Now he walks beside Aubrey with his hand wrapped around hers, and you can see the shift in him. The way his eyes never leave her. The way his body moves in sync with hers, ready to shield, ready to strike. Now he bends for her.

And when he looks at her, it isn’t soft. It’s brutal. Possessive. The kind of look that imprints itself into memory and refuses to fade once the moment’s over.

It says touch her, and you’re dead. Cross that line, and he won’t hesitate.

They sit down in the seats across from us. Aubrey raises her hand and waves. I wave back, relaxed, casual, pretending the knot in my chest isn’t tightening.

I really am happy for her. I am. She deserves it. After everything she’s been through, she fucking deserves this peace, this love, this boy who would torch the earth just to keep her warm.

But still... something twists. It lingers there, just behind my ribs.

It’s not envy.

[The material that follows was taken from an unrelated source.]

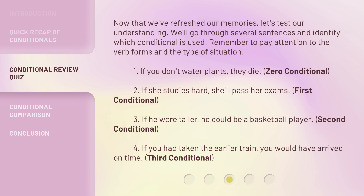Two: if she studies hard, she'll pass her exams. First conditional. Three: if he were taller, he could be a basketball player. Second conditional.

Not exactly.

It’s that quiet, unbearable ache that hits when you see someone else get everything you act like you don’t want. It’s wondering what it would be like if someone looked at me the way Noah looks at her, as if she’s already home. Like the war’s over and she’s the reason he made it through.

To be truly seen and still be chosen.

Not for the way I look. Not for the red hair or the body they think I haven’t given away yet.

But for me.

Lola charges through the door as if she’s late to her own drama. She holds a half-eaten muffin in one hand, her bag barely hanging on her shoulder, with crumbs trailing behind her like confetti.

“Don’t ask,” she groans, dropping into the seat in front of me. “I stepped in gum, spilled my coffee, and got hit in the face by my locker door. The universe is out for blood.”

“You’ve always been cursed,” Liz mumbles, still glued to her phone. “Today’s just extra.”

Lola spins around to face me, eyes narrowing. “Alright. Spill. Did Reece finally grow a soul and make a move, or is he still acting like the emotionally stunted man-child we all know and love?”

I exhale through my nose, the tired kind. “Still playing.”

She beams. “Love that for you. Nothing says romance like unresolved sexual tension and deep-rooted trauma.”

“Thanks, Dr. Phil.” I roll my eyes at Lola’s comment as Tia walks into the room.

She’s alone.

No backup dancers. No smug parade of cheerleaders snapping gum at her heels. Only her, and the flick of her eyes, scanning the room for one person.

Noah.

She spots him easily, seated next to Aubrey with their heads close. But it’s not him that hurts, it’s Aubrey. The girl who shattered Tia’s perfect little world in two. The one who didn’t back down, even when Tia charged at her claws first.

Aubrey didn’t just steal Noah; she stole the entire narrative. Now, because of that, Tia walks in without anyone bowing. They just watch.

It’s strange to see Tia like this—quiet. This is the same girl who used to own hallways like a runway, whose laugh could turn heads and ruin reputations instantly. The one who once had girls begging to sit at her lunch table and boys lining up just to be ignored.

Now?

Nobody looks up. Nobody gasps. Nobody even blinks.